Small wonder then that Secretary of Defense Jim Mattis, as you see in this Pentagon transcript, wouldn’t comment on Trump’s tweeting and the still emerging policy on Pakistan.

Or, for that matter, on Trump’s endlessly belligerent Twitter attacks on North Korea, which have uniformly backfired on the stubborn billionaire bully boy. While Trump bloviated, Mattis encouraged South Korea’s Winter Olympics rapprochement with North Korea, facilitating it further by successfully pushing for a postponement of the latest round of US/ROK joint military exercises, which have always stirred up the DPRK.

One needn’t always agree with the retired Marine four-star — who, not incidentally, essentially countermanded Trump’s Twitter directive to ban transgender troops — to appreciate Mattis’s steady, thoughtful gravitas as SecDef.
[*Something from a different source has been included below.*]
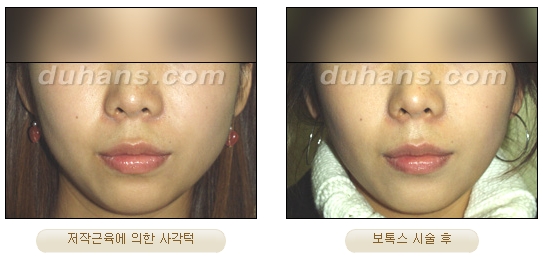 [두한성형외과 보톡스시술] - [사각턱 보톡스 안내] 관련 이미지 4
Is there any gravitas to be found in the incredibly spectacular sh-t storm around the inveterately self-promoting New York media columnist Michael Wolff’s ‘Fire and Fury’ inside-the-White House expose of Trump’s ridiculously clueless and sleazy presidency? Erratic megalomania on full display.

Aside from deep respect for Wolff’s amazing chutzpah, that would be a big “Nope.” Once in the door, it looks like it was like shooting fish in a barrel for Wolff.

Trump looks even uglier and more preposterous than before, even if some of it sounds a bit too perfect. But one wonders just who is the biggest dumbass, the overweening, nerve-wracked Trump or the idiotically self-promoting Steve Bannon?

WTF are these guys thinking?

Did Bannon, presumably aware of the recording device, not realize that Wolff would use every last juicy thing he said about the Trumps, from the profound ignorance about the substance of the presidency to the “treasonous” links with Russians? Did he imagine that his relationship with Trump could survive that? Or that the backlash constituency he cultivated on Trump’s behalf would not, to a large extent, turn on him?

Trump is, after all, though it still plays like a bad SciFi Channel movie, the President of the United States. And Bannon is a guy with a big mouth, little writing ability, and billionaire backers who can still exploit President Trump.

And Trump, well, he is at least a shrewd New Yorker. He knew perfectly well who Wolff was. Here is what he should have said after he noticed the columnist hanging around the White House: “Michael, fantastic as always to see you. Again. Where are you staying? Excellent. I will drop by. These gentlemen will help you with your stuff as you make your way out.”